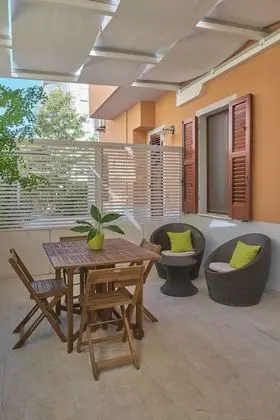 Superior Üç Kişilik Oda, Teras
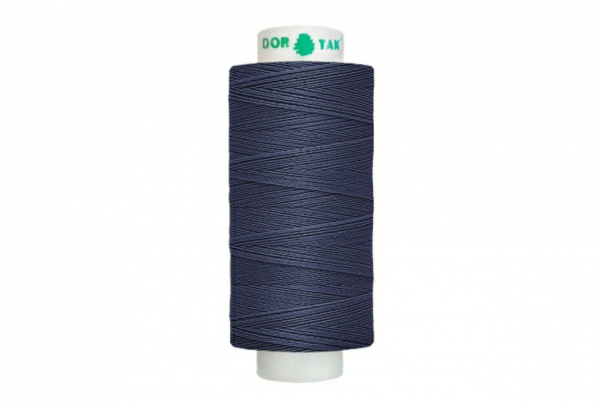 Нитки Dor Tak 40/2 №410 Индиго в Мурманске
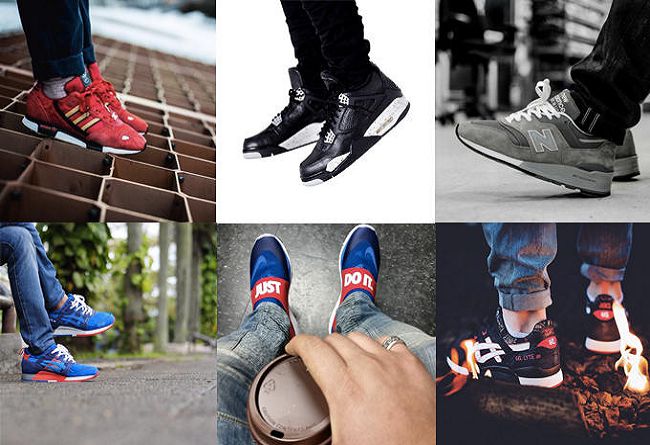 ig,instagram,photo IG photos 上周 Instagram 上最好的 25 张球鞋相片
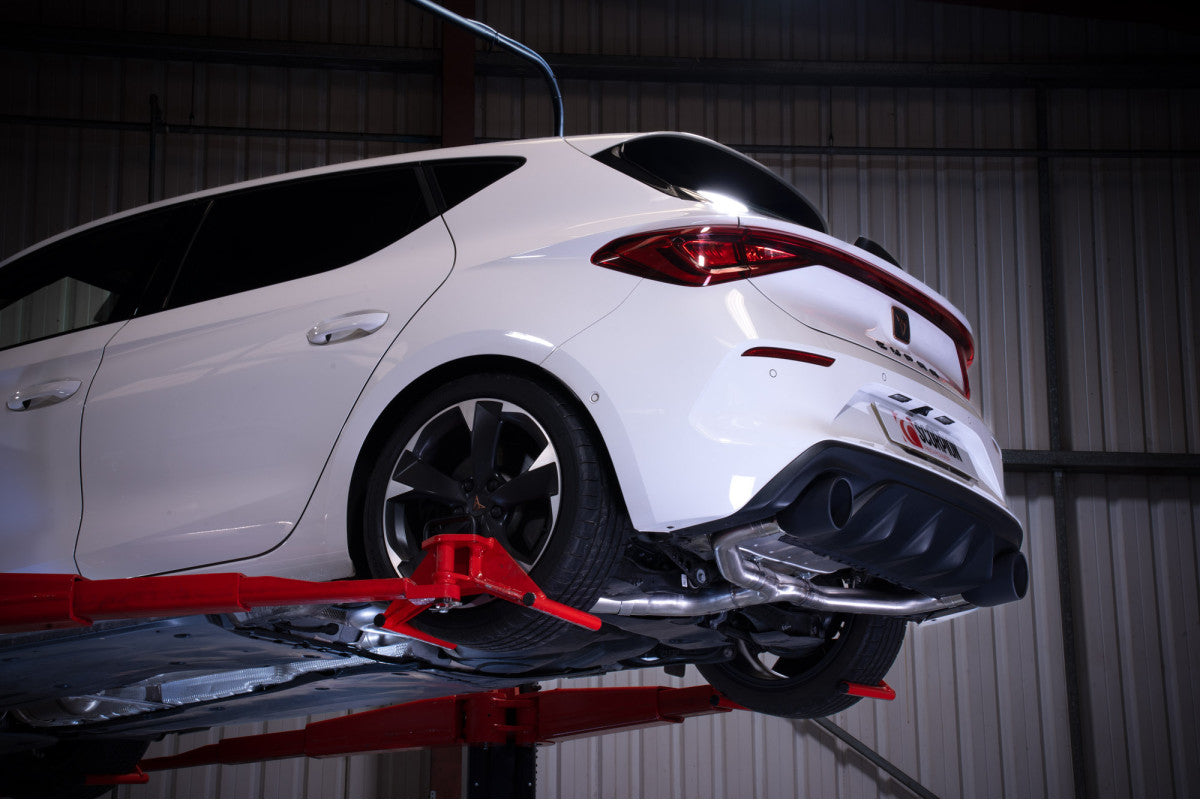 Scorpion Exhausts Predator GPF-Back - CUPRA Leon 245 ROW 2021-2025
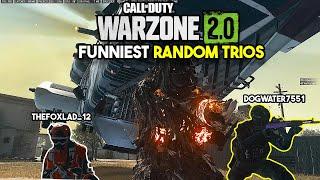 Warzone 2 Trios with the Most Hilarious Randoms Ever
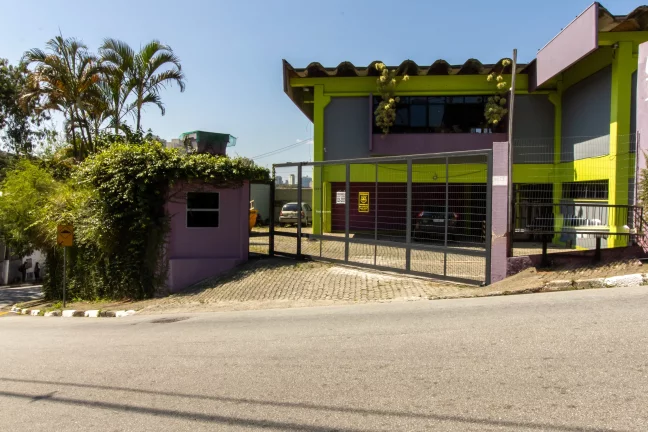 Imagem Galpão para locação em Barueri.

→ Task requirements: Print exactly the lines between the line containing "Warzone 2 Trios" and the last line of the entries above, including both, and nothing besides; skip the pictures.

→ Problem solution:
 Warzone 2 Trios with the Most Hilarious Randoms Ever
 Imagem Galpão para locação em Barueri.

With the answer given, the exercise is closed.